In fact, even today coins and banknotes are a rare form of money. In 2006, the sum total of money in the world is about $60 trillion, yet the sum total of coins and banknotes was less than $6 trillion.7 More than 90 per cent of all money – more than $50 trillion appearing in our accounts – exists only on computer servers. Accordingly, most business transactions are executed by moving electronic data from one computer file to another, without any exchange of physical cash. Only a criminal buys a house, for example, by handing over a suitcase full of banknotes. As long as people are willing to trade goods and services in exchange for electronic data, it’s even better than shiny coins and crisp banknotes – lighter, less bulky, and easier to keep track of.
For complex commercial systems to function, some kind of money is indispensable. A shoemaker in a money economy needs to know only the prices charged for various kinds of shoes – there is no need to memorise the exchange rates between shoes and apples or goats. Money also frees apple experts from the need to search out apple-craving shoemakers, because everyone always wants money. This is perhaps its most basic quality. Everyone always wants money because everyone else also always wants money, which means you can exchange money for whatever you want or need. The shoemaker will always be happy to take your money, because no matter what he really wants – apples, goats or a divorce – he can get it in exchange for money.
Money is thus a universal medium of exchange that enables people to convert almost everything into almost anything else. Brawn gets converted to brain when a discharged soldier finances his college tuition with his military benefits. Land gets converted into loyalty when a baron sells property to support his retainers. Health is converted to justice when a physician uses her fees to hire a lawyer – or bribe a judge. It is even possible to convert sex into salvation, as fifteenth-century prostitutes did when they slept with men for money, which they in turn used to buy indulgences from the Catholic Church.
Ideal types of money enable people not merely to turn one thing into another, but to store wealth as well. Many valuables cannot be stored – such as time or beauty. Some things can be stored only for a short time, such as strawberries. Other things are more durable, but take up a lot of space and require expensive facilities and care. Grain, for example, can be stored for years, but to do so you need to build huge storehouses and guard against rats, mould, water, fire and thieves. Money, whether paper, computer bits or cowry shells, solves these problems. Cowry shells don’t rot, are unpalatable to rats, can survive fires and are compact enough to be locked up in a safe.
In order to use wealth it is not enough just to store it. It often needs to be transported from place to place. Some forms of wealth, such as real estate, cannot be transported at all. Commodities such as wheat and rice can be transported only with difficulty. Imagine a wealthy farmer living in a moneyless land who emigrates to a distant province. His wealth consists mainly of his house and rice paddies. The farmer cannot take with him the house or the paddies.
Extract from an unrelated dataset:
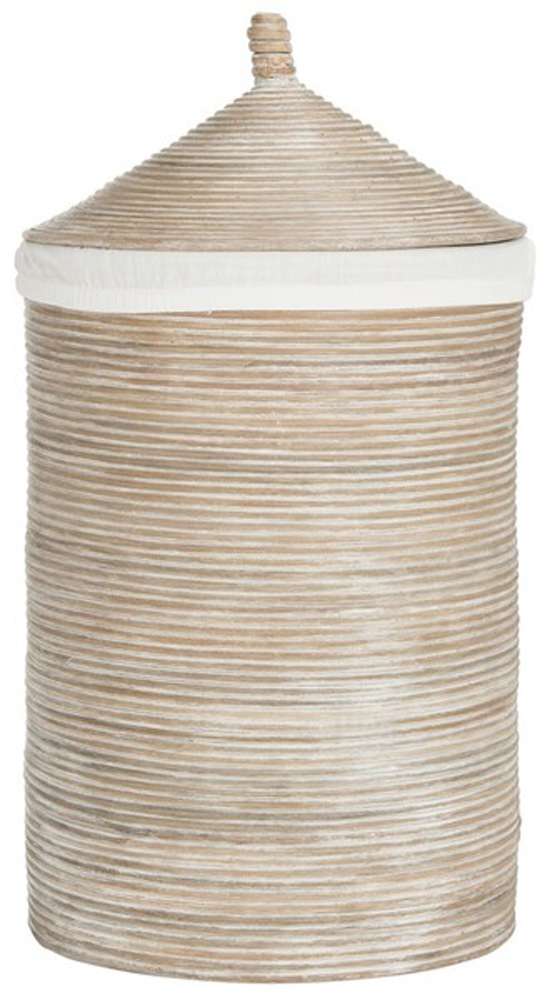 Safavieh - Wellington Laundry Basket - White - Grey White Wash - HAC6501A veiw 1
He might exchange them for tons of rice, but it would be very burdensome and expensive to transport all that rice. Money solves these problems. The farmer can sell his property in exchange for a sack of cowry shells, which he can easily carry wherever he goes.
Because money can convert, store and transport wealth easily and cheaply, it made a vital contribution to the appearance of complex commercial networks and dynamic markets. Without money, commercial networks and markets would have been doomed to remain very limited in their size, complexity and dynamism.
Cowry shells and dollars have value only in our common imagination. Their worth is not inherent in the chemical structure of the shells and paper, or their colour, or their shape. In other words, money isn’t a material reality – it is a psychological construct. It works by converting matter into mind. But why does it succeed? Why should anyone be willing to exchange a fertile rice paddy for a handful of useless cowry shells? Why are you willing to flip hamburgers, sell health insurance or babysit three obnoxious brats when all you get for your exertions is a few pieces of coloured paper?